What the task requires >>
Reproduce every entry that follows word for word, but omit the images.

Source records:

------------------------

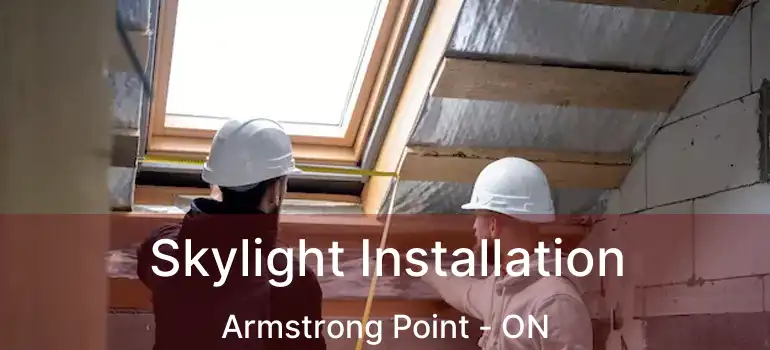  Skylight Installation Armstrong Point - ON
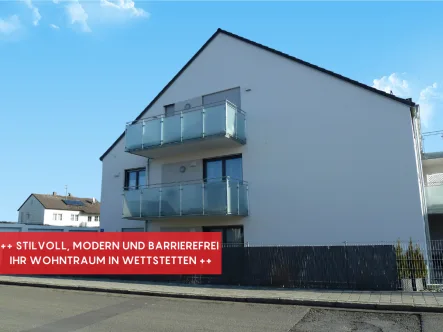 Titel (8) - Wohnung mieten in Wettstetten - ++ STILVOLL, MODERN UND BARRIEREFREI – IHR WOHNTRAUM IN WETTSTETTEN ++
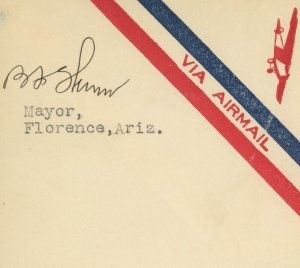 Florence Arizona 1929 Mayor Signed Airmail Cover 5c Postage Stamp USA
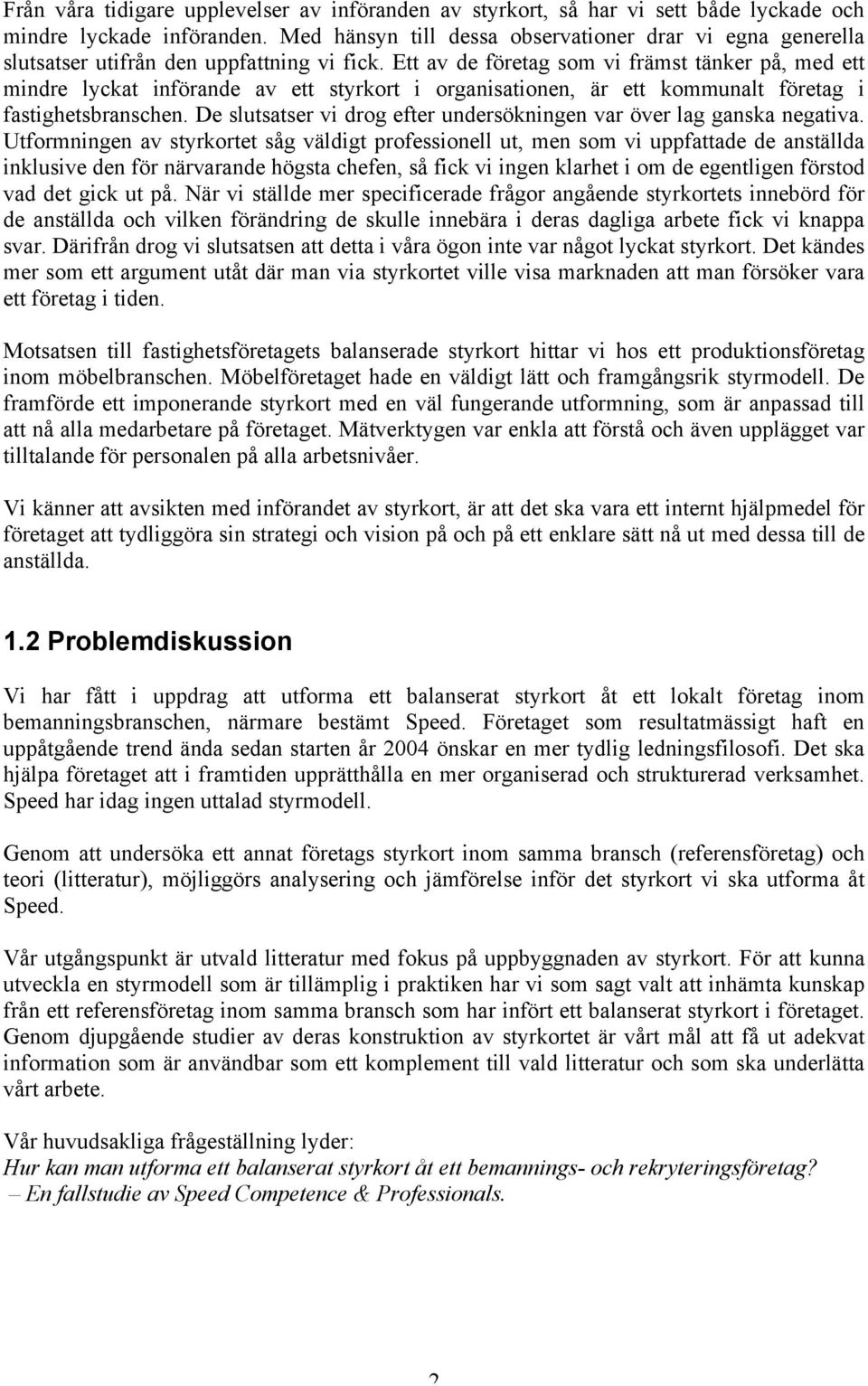 Ett av de företag som vi främst tänker på, med ett mindre lyckat införande av ett styrkort i organisationen, är ett kommunalt företag i fastighetsbranschen.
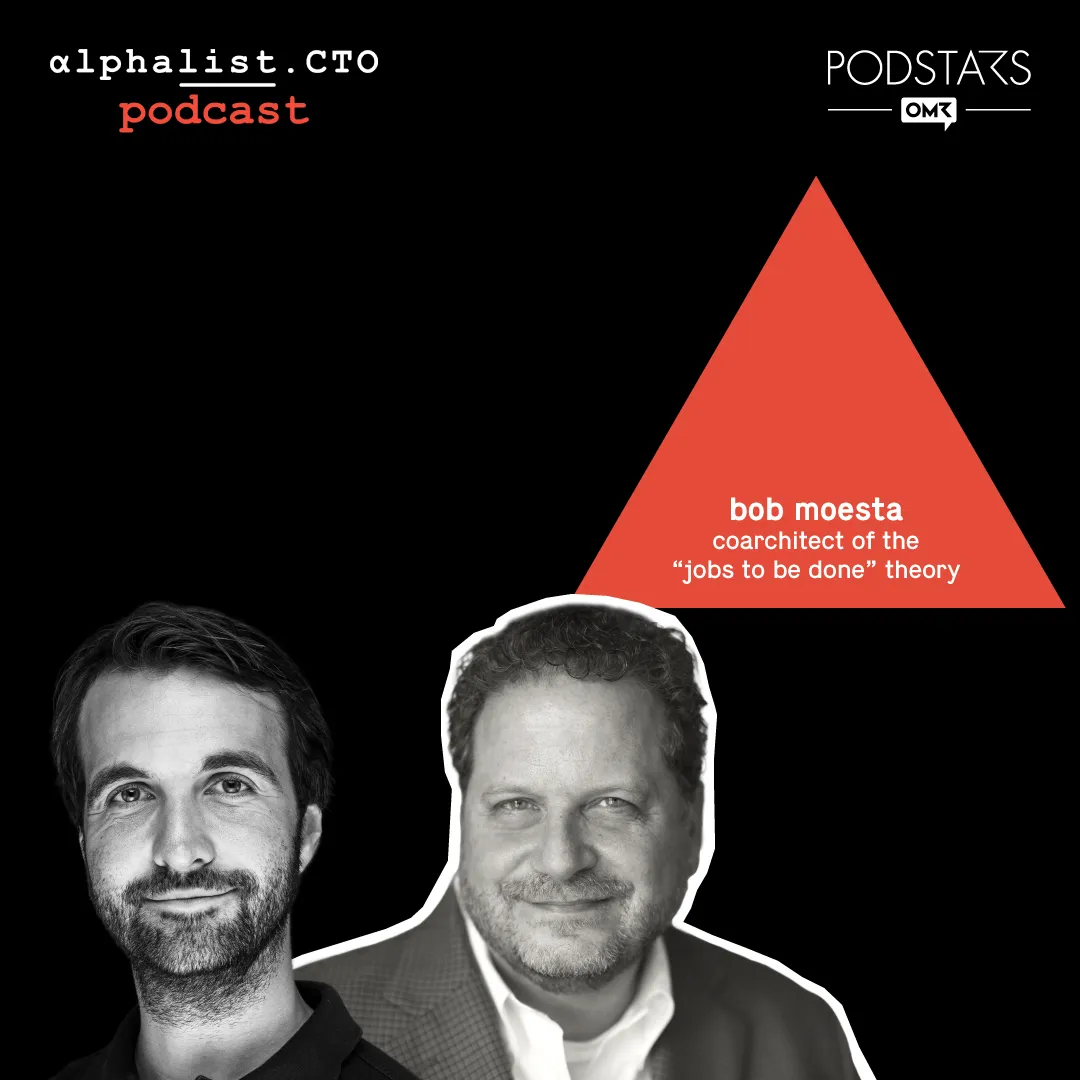 Bob Moesta // Co-Architect of the 'Jobs To Be Done' Theory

------------------------

Exercise response >>
  Skylight Installation Armstrong Point - ON
 Titel (8) - Wohnung mieten in Wettstetten - ++ STILVOLL, MODERN UND BARRIEREFREI – IHR WOHNTRAUM IN WETTSTETTEN ++
 Florence Arizona 1929 Mayor Signed Airmail Cover 5c Postage Stamp USA
 Ett av de företag som vi främst tänker på, med ett mindre lyckat införande av ett styrkort i organisationen, är ett kommunalt företag i fastighetsbranschen.
 Bob Moesta // Co-Architect of the 'Jobs To Be Done' Theory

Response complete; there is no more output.